## WORKING DATA
══════════

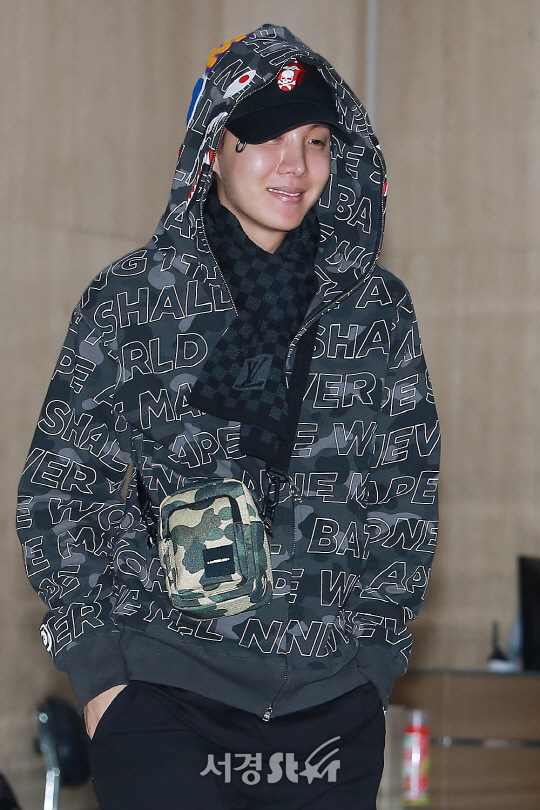 방탄소년단 멤버 제이홉이 23일 오후 서울 강서구 김포국제공항을 통해 일본 공연을 마치고 입국하고 있다.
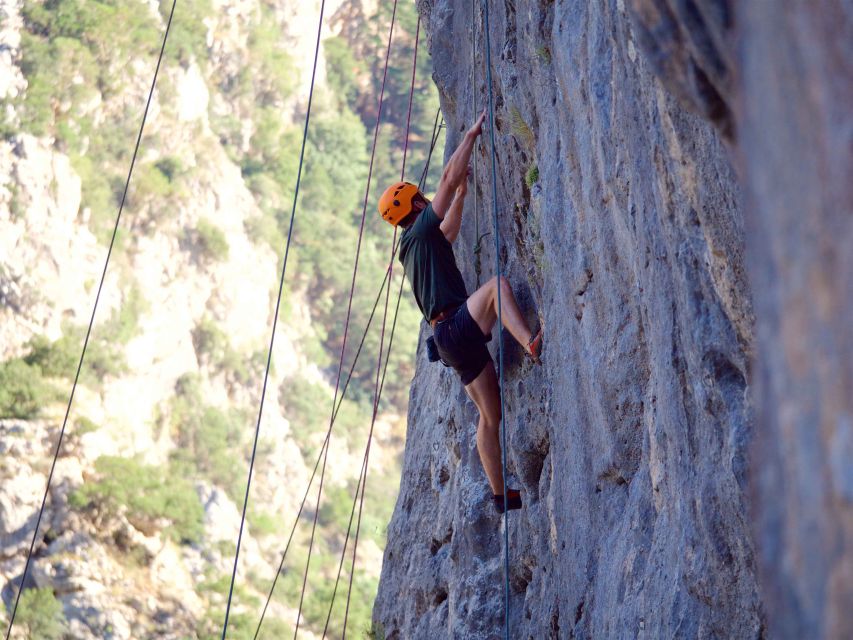 1 from kalamata rock climbing in lagada From Kalamata: Rock Climbing in Lagada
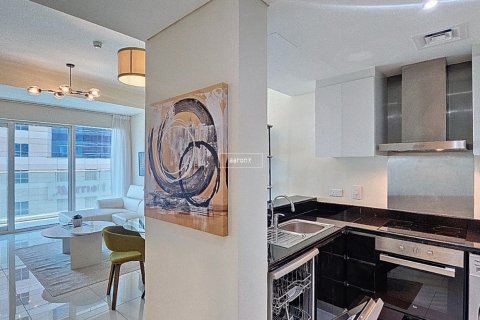 Appartamento in affitto a Dubai Marina, Dubai, EAU 1 camera da letto, 79 mq. № 632148 - foto 9
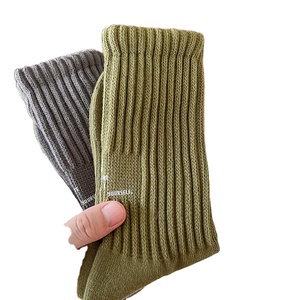 Chaussettes de basketball en coton épais SB1214 avec absorption de la transpiration et imprimés lettres, pour porter mi-mollet ou jusqu'aux chevilles - Product Image 1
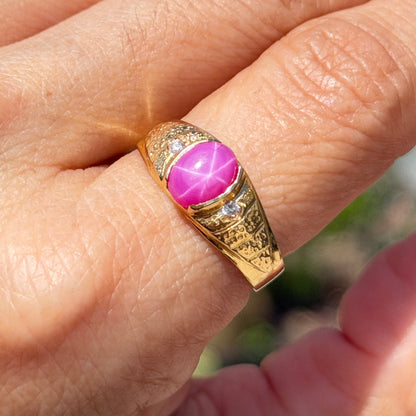 Pink Star Sapphire Ring / 2.8 gr / Size 9 1/2 / 18K Gold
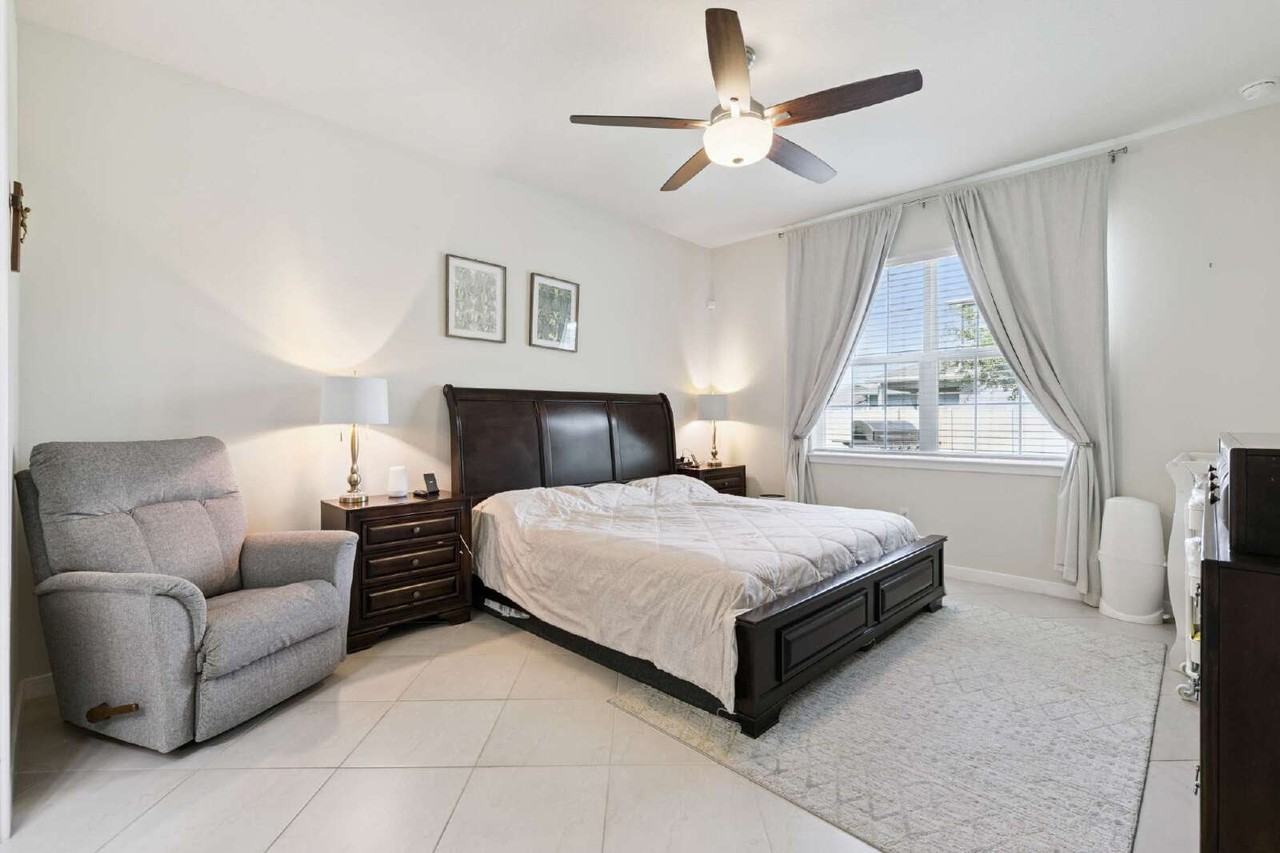 6306 Cedar Chase Ct - Photo 4 of 28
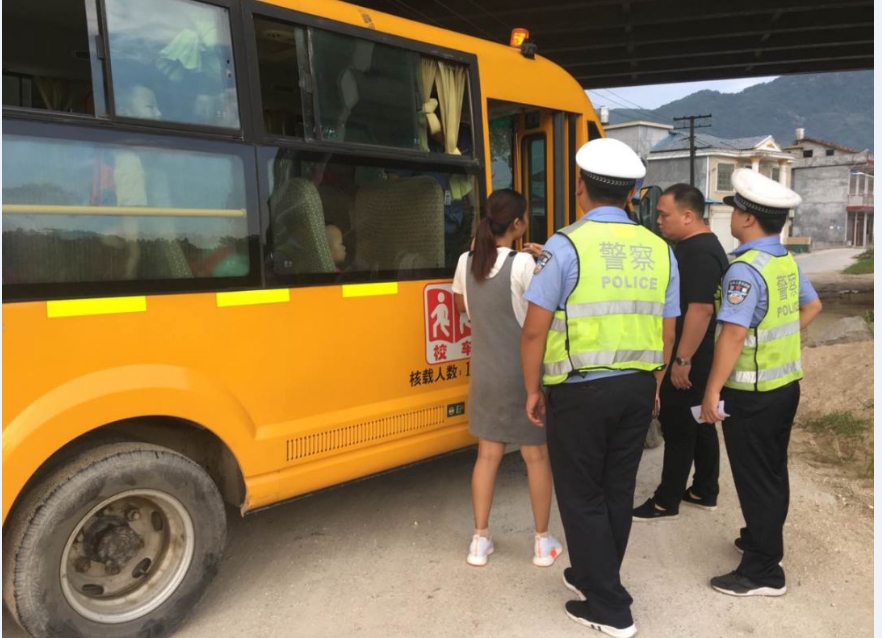 湖南岳陽市南江鎮：開展校車運營安全執法大檢查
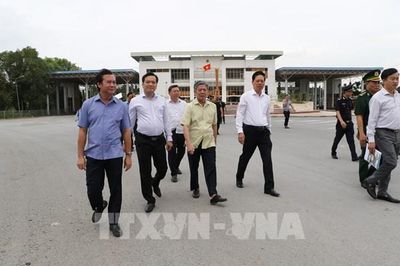 Bí thư Tỉnh ủy Đồng Tháp khảo sát, thúc đẩy phát triển kinh tế vùng biên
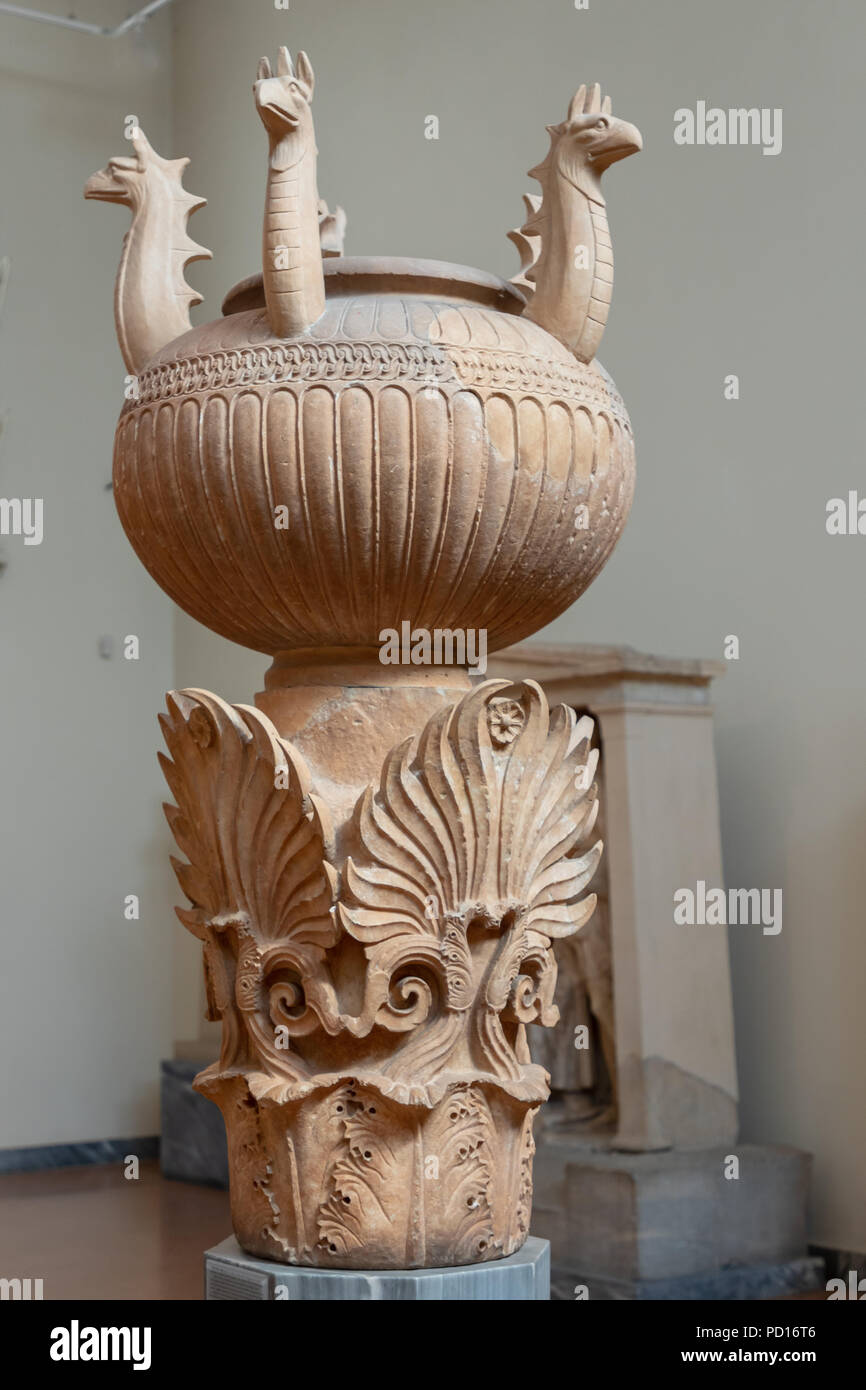 Grabkunst Lebes - kalpe, Friedhof, Urne, Grab Gehäuse athenische Familie, Abt 350 BC. Stockfoto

══════════

Nothing but the lines from the one containing "湖南岳陽市南江鎮：開展校車運營安全執法大檢查" through the end of the entries is to be retyped, exactly as written and without pictures.

## WORKED SOLUTION
 湖南岳陽市南江鎮：開展校車運營安全執法大檢查
 Bí thư Tỉnh ủy Đồng Tháp khảo sát, thúc đẩy phát triển kinh tế vùng biên
 Grabkunst Lebes - kalpe, Friedhof, Urne, Grab Gehäuse athenische Familie, Abt 350 BC. Stockfoto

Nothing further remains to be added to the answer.